Work to complete
Reproduce from the records below, with no pictures, exactly the lines between the one containing "Hello everyone. I'm" and the one containing "The probe message contains", inclusive.

Recorded data
--------

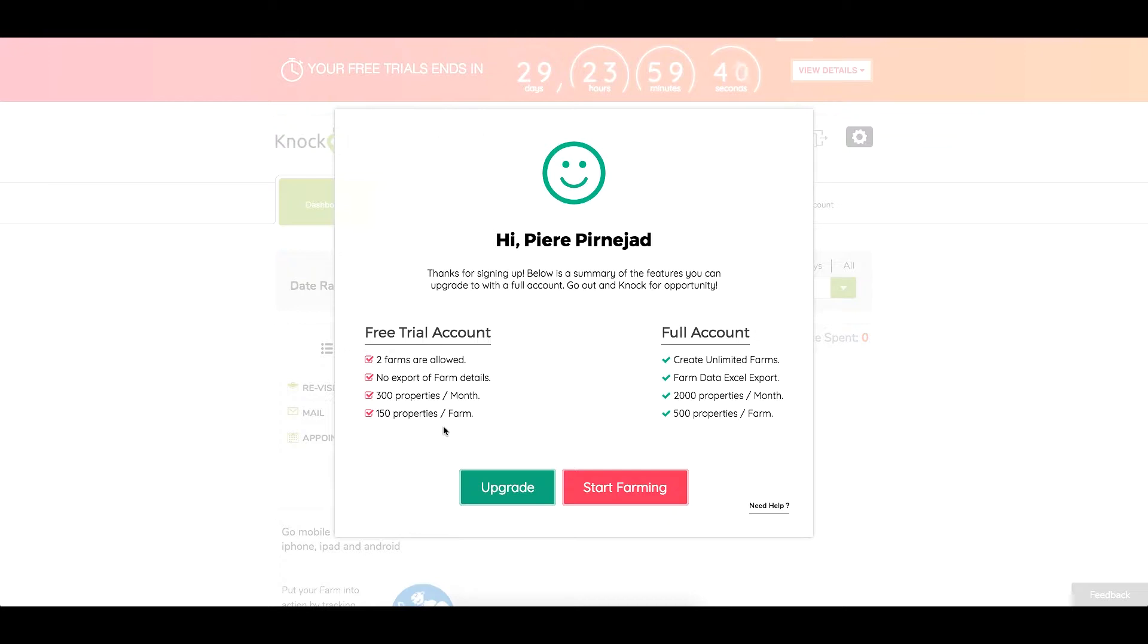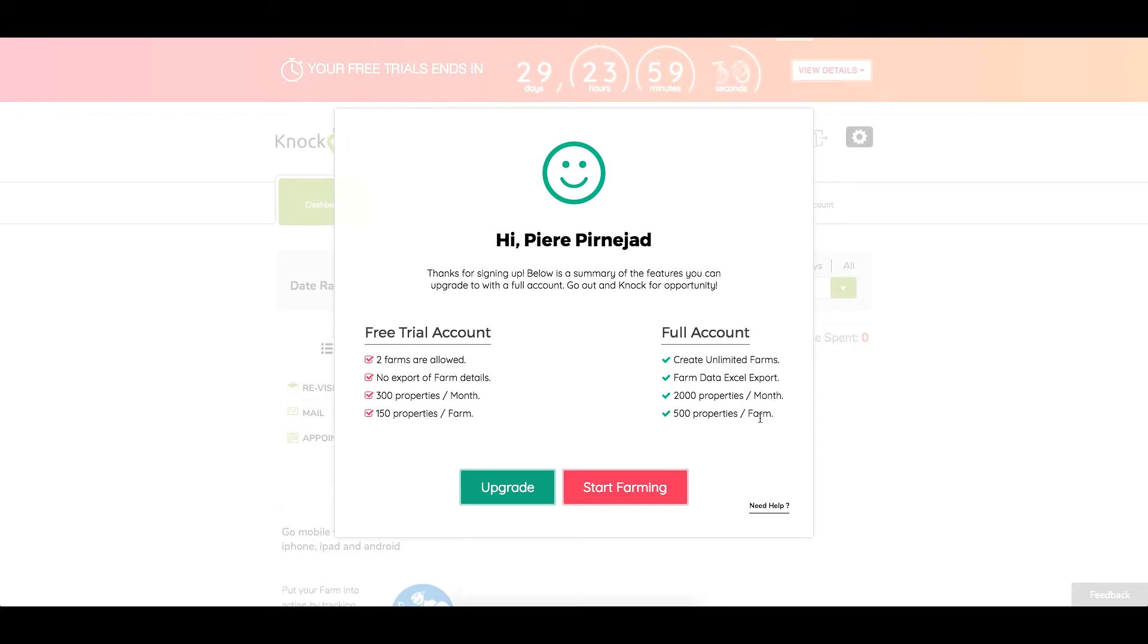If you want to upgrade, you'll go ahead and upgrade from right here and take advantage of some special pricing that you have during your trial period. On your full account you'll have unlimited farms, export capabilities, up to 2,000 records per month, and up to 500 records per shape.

--------

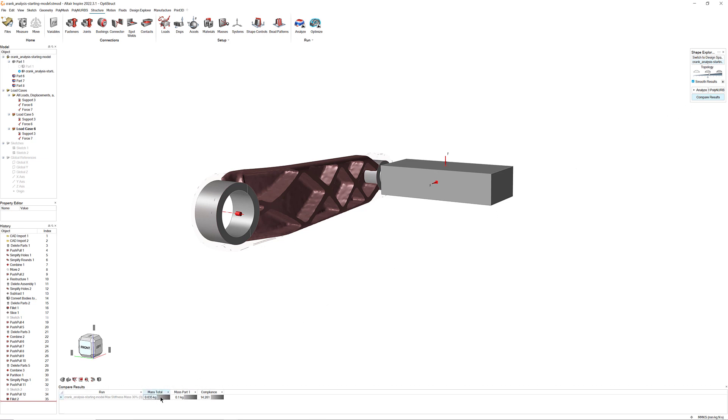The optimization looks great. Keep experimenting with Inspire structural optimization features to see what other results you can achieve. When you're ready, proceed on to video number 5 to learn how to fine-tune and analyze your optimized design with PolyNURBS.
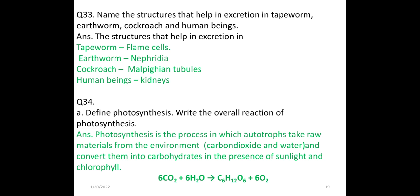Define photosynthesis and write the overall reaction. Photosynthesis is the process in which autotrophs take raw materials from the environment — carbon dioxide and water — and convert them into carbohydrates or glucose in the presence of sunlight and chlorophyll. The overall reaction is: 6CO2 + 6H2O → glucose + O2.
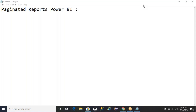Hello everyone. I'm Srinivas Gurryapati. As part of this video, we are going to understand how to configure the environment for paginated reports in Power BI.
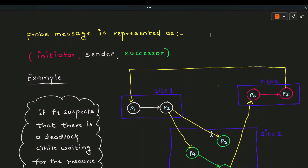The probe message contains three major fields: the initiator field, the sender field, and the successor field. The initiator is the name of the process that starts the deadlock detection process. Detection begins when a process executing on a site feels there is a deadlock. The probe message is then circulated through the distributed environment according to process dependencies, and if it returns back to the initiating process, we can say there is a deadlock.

--------

Solution
Hello everyone. I'm Srinivas Gurryapati. As part of this video, we are going to understand how to configure the environment for paginated reports in Power BI.
The probe message contains three major fields: the initiator field, the sender field, and the successor field. The initiator is the name of the process that starts the deadlock detection process. Detection begins when a process executing on a site feels there is a deadlock. The probe message is then circulated through the distributed environment according to process dependencies, and if it returns back to the initiating process, we can say there is a deadlock.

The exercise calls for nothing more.